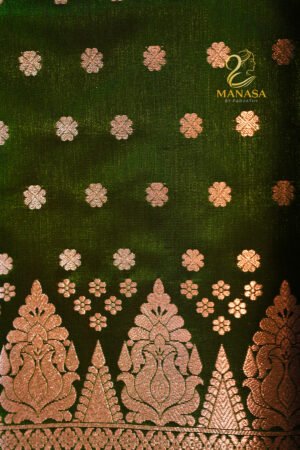 Parrot Green  Banarasi Silk Saree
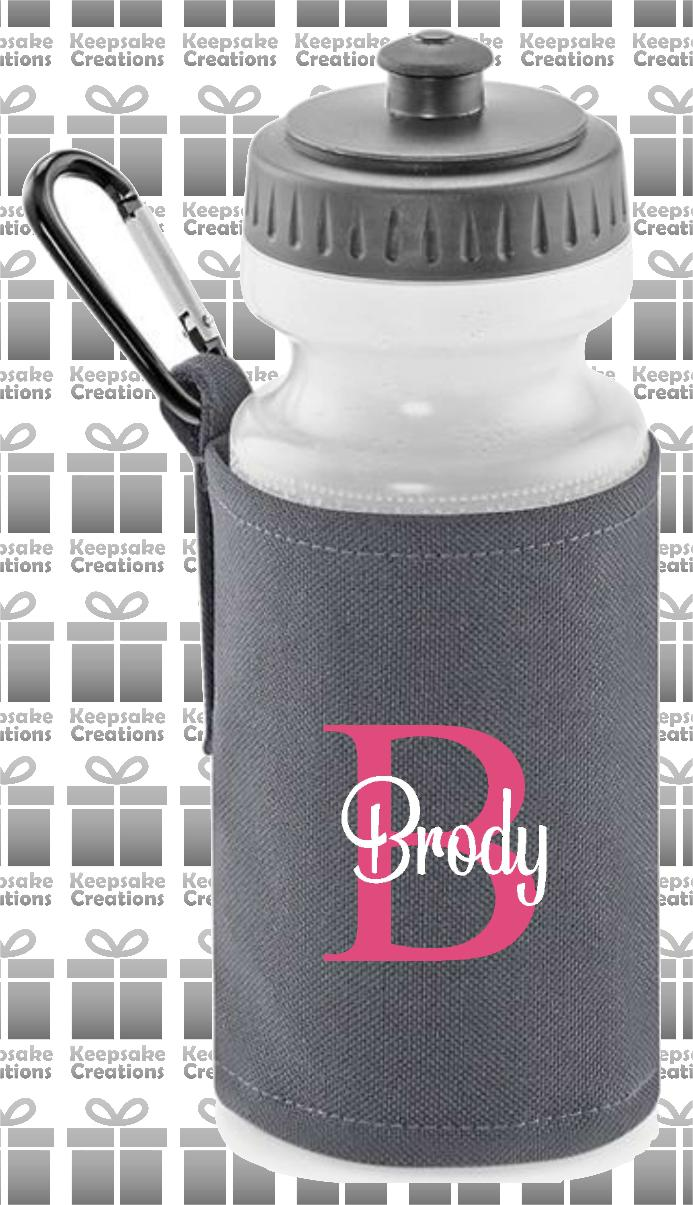 Personalised Monogram CURLY Design Reusable Water Bottle with Holder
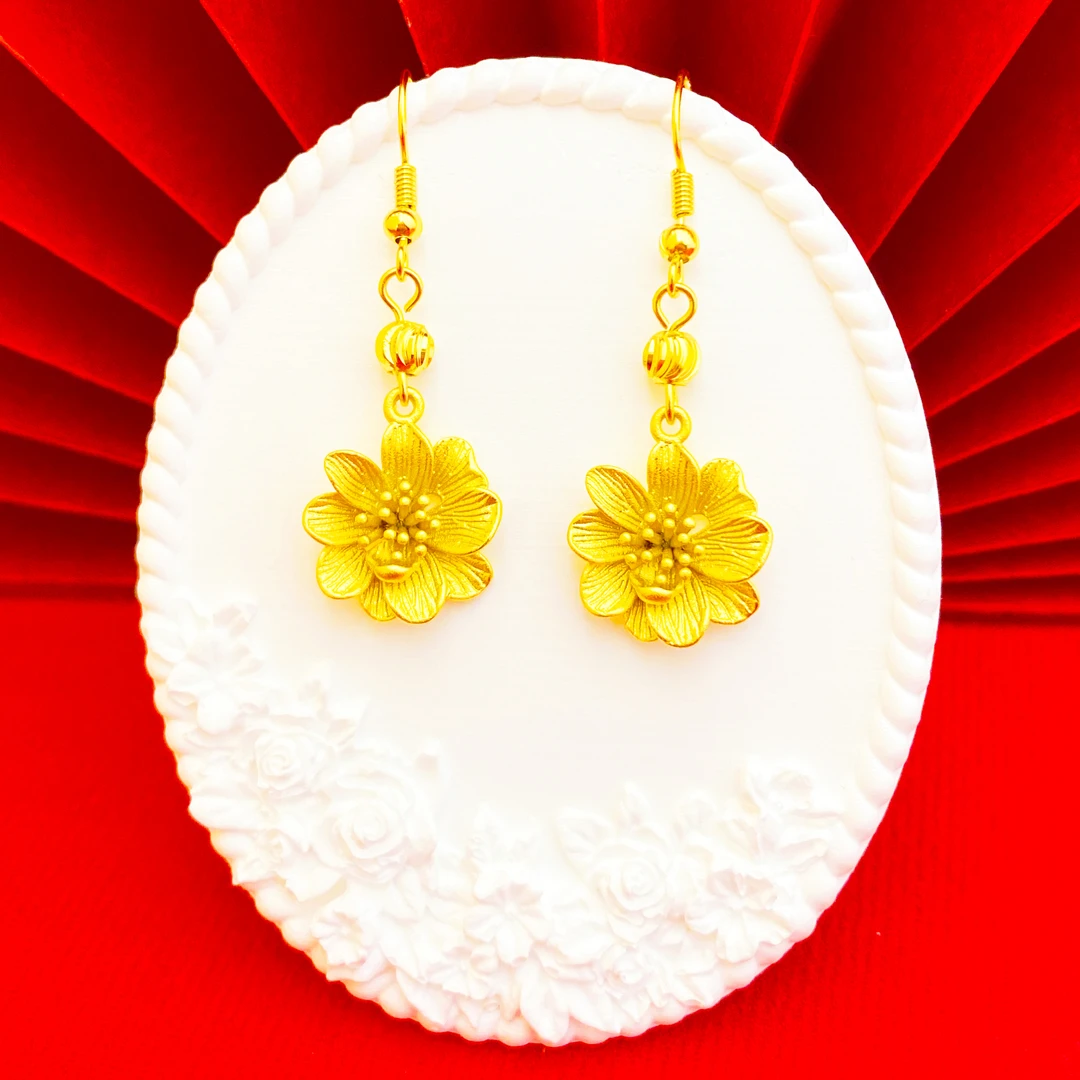 凤金彩 铜合金耳饰 女款高级感时尚轻奢首饰品花朵素款耳饰复古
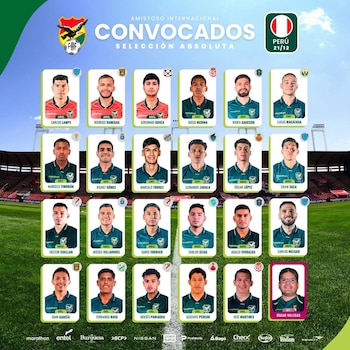 Lista oficial de Bolivia para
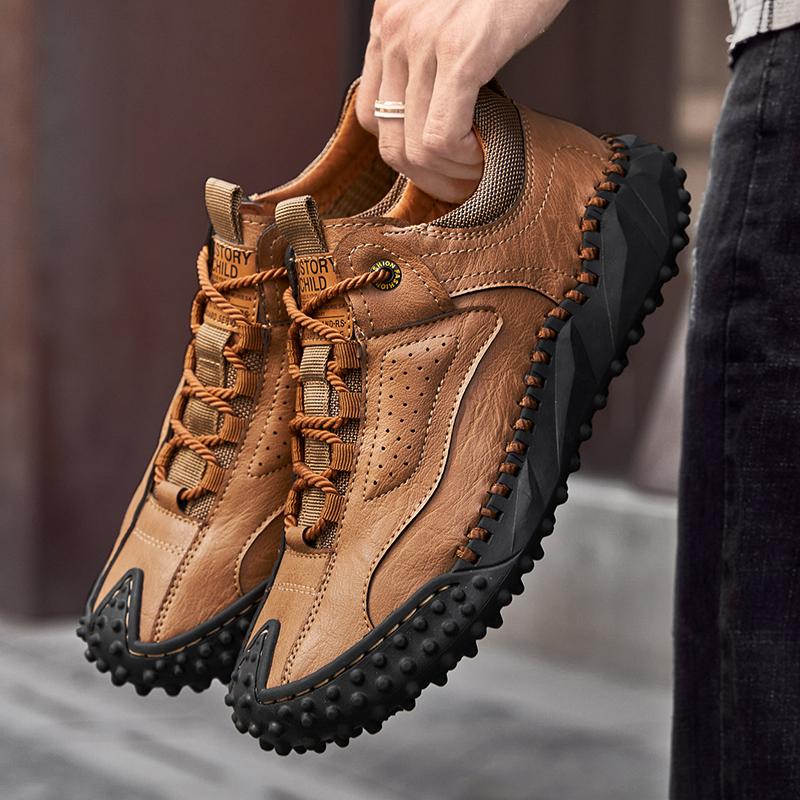 38-48 Mens  Retro Cow Leather Shoes Men Loafers Handmade Casual Leather Shoes Moccasins Men Flats Shoes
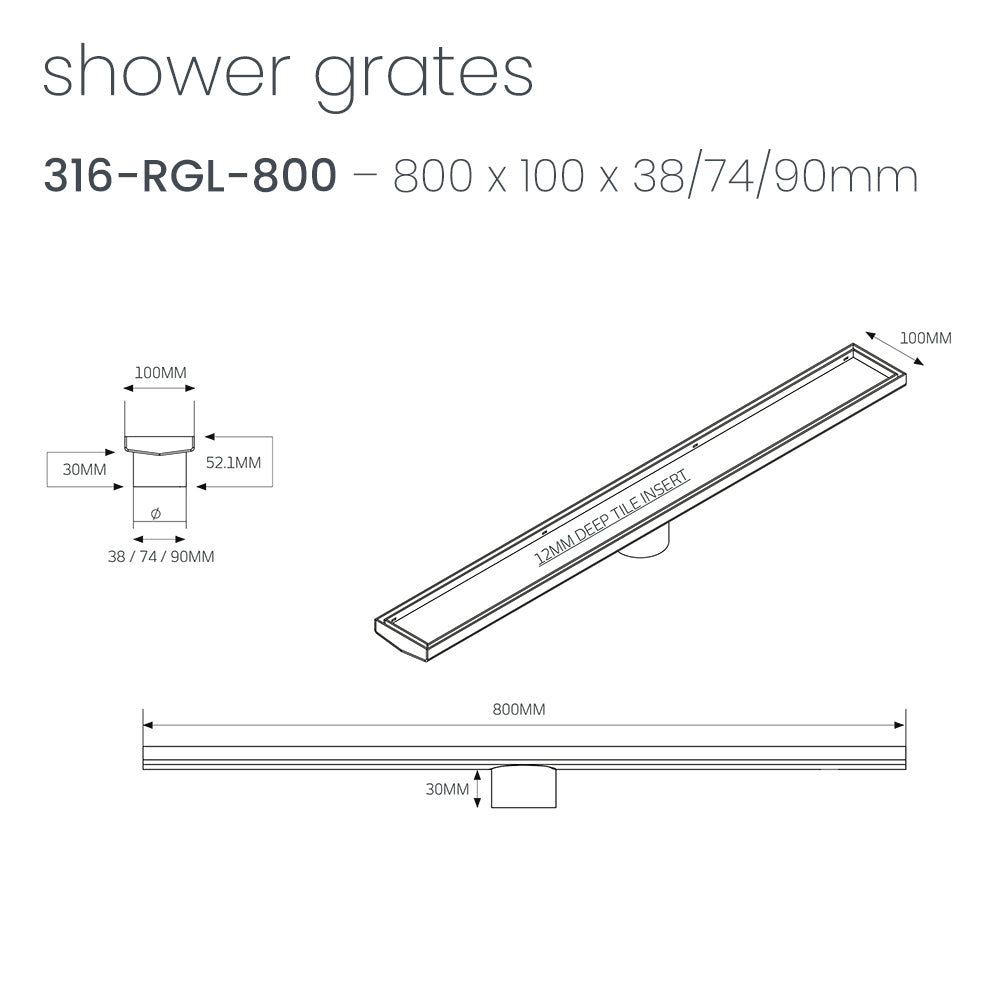 Linear Tile Insert Floor Grate (Gun Metal Grey) 100mm x 800mm (74mm Outlet)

# # # # #

- What is needed -
Give the listing again, exactly as it appears, but without its images.

- Answer space -
 Parrot Green  Banarasi Silk Saree
 Personalised Monogram CURLY Design Reusable Water Bottle with Holder
 凤金彩 铜合金耳饰 女款高级感时尚轻奢首饰品花朵素款耳饰复古
 Lista oficial de Bolivia para
 38-48 Mens  Retro Cow Leather Shoes Men Loafers Handmade Casual Leather Shoes Moccasins Men Flats Shoes
 Linear Tile Insert Floor Grate (Gun Metal Grey) 100mm x 800mm (74mm Outlet)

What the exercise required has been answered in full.